Hoje, a OMS alerta que alguns tipos de bactérias que causam infecções graves em humanos já desenvolveram resistência à maioria ou a todos os tratamentos disponíveis, e há poucas opções promissoras para novos tratamentos contra elas em desenvolvimento nos laboratórios de pesquisa.
A terceira via pela qual os antibióticos aparecem como protagonistas na indústria internacional – e essa é ainda mais discutível – é na área de promoção do crescimento. Os animais costumam ser medicados com o objetivo indireto de aumento de peso por meio de uma melhor eficiência na absorção do alimento, diz Rauber. “Em geral, caracteriza-se pela utilização prolongada – acima do tempo recomendado para tratamento – de doses baixas de um determinado antibiótico”, esclarece o veterinário.
De acordo com a OMS, muitos países já tomaram medidas para reduzir o uso de antibióticos em animais produtores de alimentos. Por exemplo, desde 2006, a União Europeia proibiu o uso de antibióticos para auxílio do crescimento. Os consumidores também estão impulsionando a demanda por carne criada sem o uso rotineiro de antibióticos, com algumas grandes cadeias alimentares adotando políticas “livres de antibióticos” para seus suprimentos de carne. Opções alternativas ao uso de antibióticos para prevenção de doenças em animais incluem melhoria da higiene, melhor uso da vacinação e mudanças no alojamento dos animais e nas práticas de criação.
Pesquisa para substituir antibióticos
Com toda essa preocupação internacional crescendo – e no Brasil vários grupos da indústria já atuam no mesmo sentido com alguns, inclusive, banindo o uso de antibióticos em suas cadeias de produção – a pesquisa básica também avança.
“A grande maioria das pesquisas científicas na área de avicultura está direcionada à busca por alternativas para mitigar o uso de antibióticos como melhoradores de desempenho nas rações”, diz Tiago Goulart Petrolli.
Ele diz que os estudos em andamento investigam diversas possibilidades. A primeira envolve o desenvolvimento de formas para reduzir a carga microbiana intestinal, diminuindo inflamações e o gasto energético e fisiológico para combater tais situações. Também se investigam com bastante frequência alternativas que melhorem a qualidade intestinal – vilosidades, criptas, produção de muco e assim por diante. “O perfil microbiano intestinal, pensando em propiciar o desenvolvimento de espécies microbianas benéficas ao sistema digestivo, também está sendo investigado por vários grupos”, conta.
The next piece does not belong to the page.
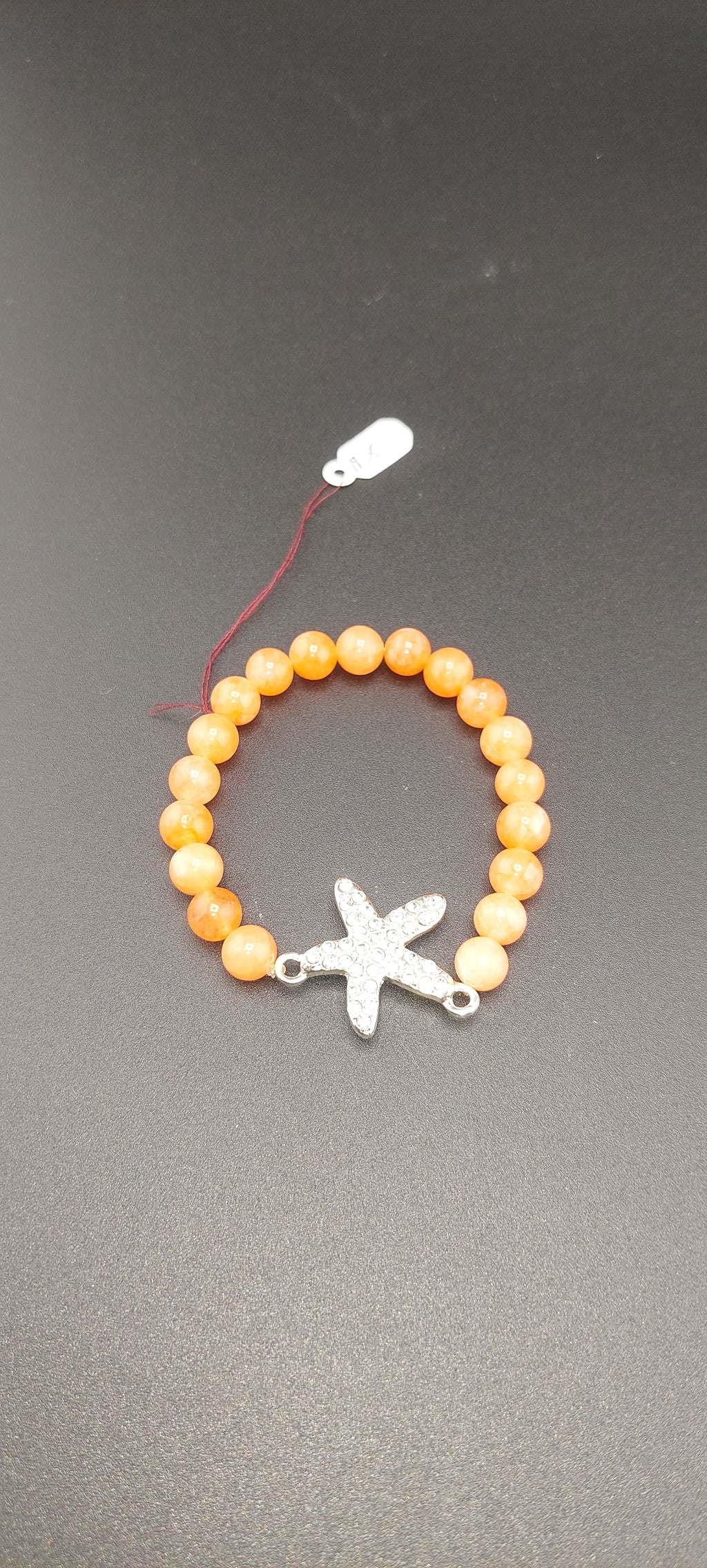 A orange bracelet with a star charm, displayed on a dark background.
Em outra frente, explica Pereira, os cientistas estão estudando a questão da resistência bacteriana de forma mais abrangente. “Por exemplo, pegamos uma carcaça de frango que está lá no supermercado e analisamos qualquer elemento genético relacionado à resistência. Não ficamos apenas em uma bactéria, fazemos um sequenciamento maciço de tudo o que está presente na amostra. A ideia é tentar entender quais agentes estão em ação para transformar as bactérias em super-resistentes”, explica o pesquisador da Unesp de Botucatu.
De forma conjunta, segundo os especialistas, universidades, indústrias e as grandes instituições internacionais, como a OMS, trabalham na mesma direção, com o objetivo geral de retardar, a partir de um uso prudente dos medicamentos, a resistência antimicrobiana e, ainda, de preservar a eficácia dos antibióticos mais críticos para a medicina. Tanto que a própria OMS tem uma lista de antibióticos que precisam ser preservados, por serem muito importantes para a sobrevivência da humanidade, uma vez que são eficientes contra bactérias multirresistentes.
“A falta de antibióticos eficazes [por causa muitas vezes do uso indiscriminado] é uma ameaça à segurança tão séria quanto um surto súbito e mortal de doença”, disse Tedros Adhanom Ghebreyesus, diretor-geral da OMS, em 2017, quando a instituição internacional voltou a ratificar sua posição contrária ao uso indiscriminado de antibióticos na indústria de alimentos. “Uma ação forte e sustentada em todos os setores é vital se quisermos reverter a maré da resistência antimicrobiana e manter o mundo seguro.”